How to complete this task — The answer is to be the data that follows, transcribed exactly, minus its pictures.

Source material —
§ §

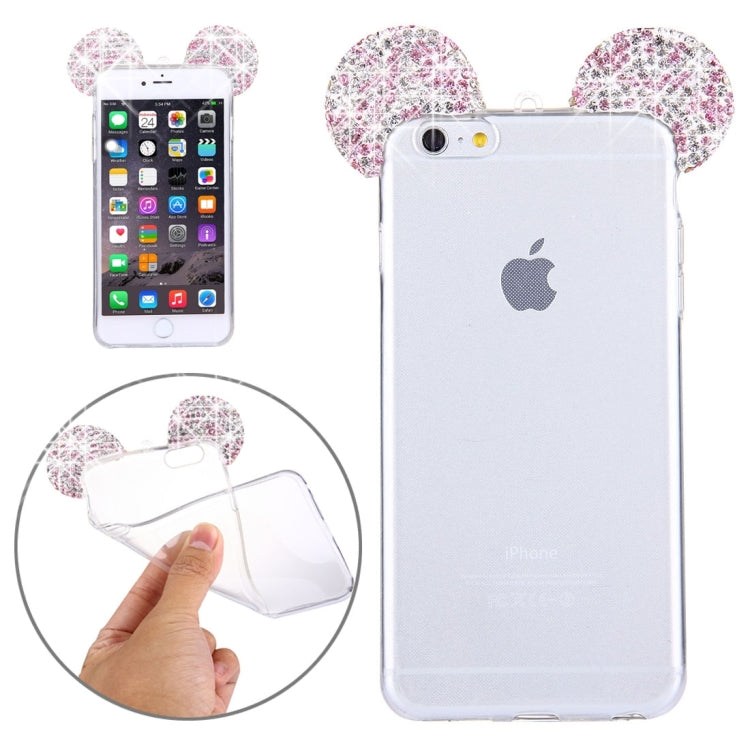 For iPhone 6 & 6s Mouse Ear Diamond Pattern Transparent TPU Protective Case with Lanyard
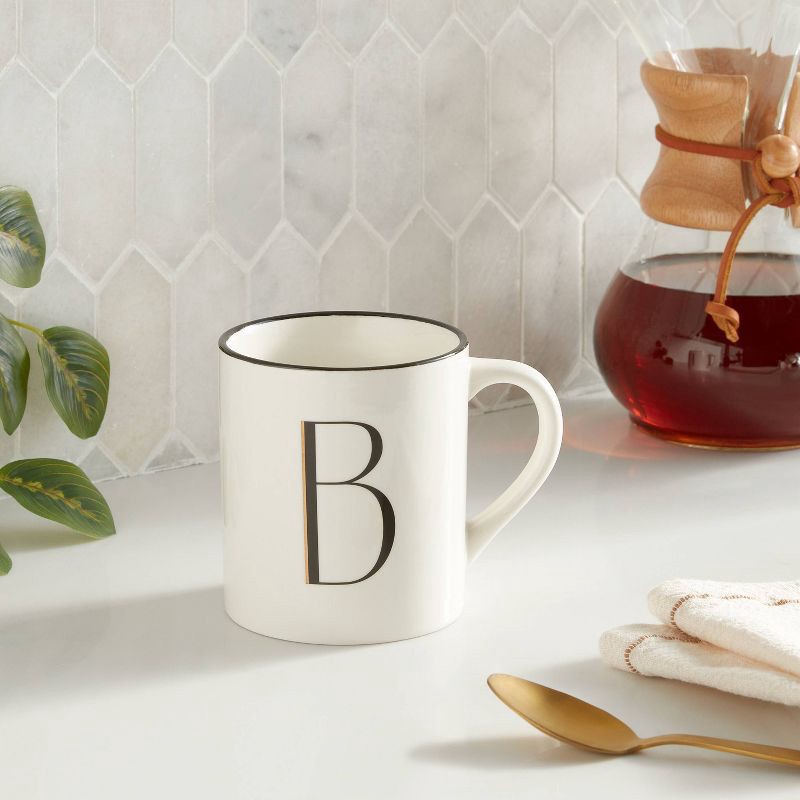 slide 2 of 3, 16oz Stoneware Monogram B Mug Ivory - Threshold™, 16 oz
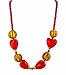 Necklace - N136 - Murano Glass & Pearl ~ Red & Gold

§ §

Result of the exercise —
 For iPhone 6 & 6s Mouse Ear Diamond Pattern Transparent TPU Protective Case with Lanyard
 slide 2 of 3, 16oz Stoneware Monogram B Mug Ivory - Threshold™, 16 oz
 Necklace - N136 - Murano Glass & Pearl ~ Red & Gold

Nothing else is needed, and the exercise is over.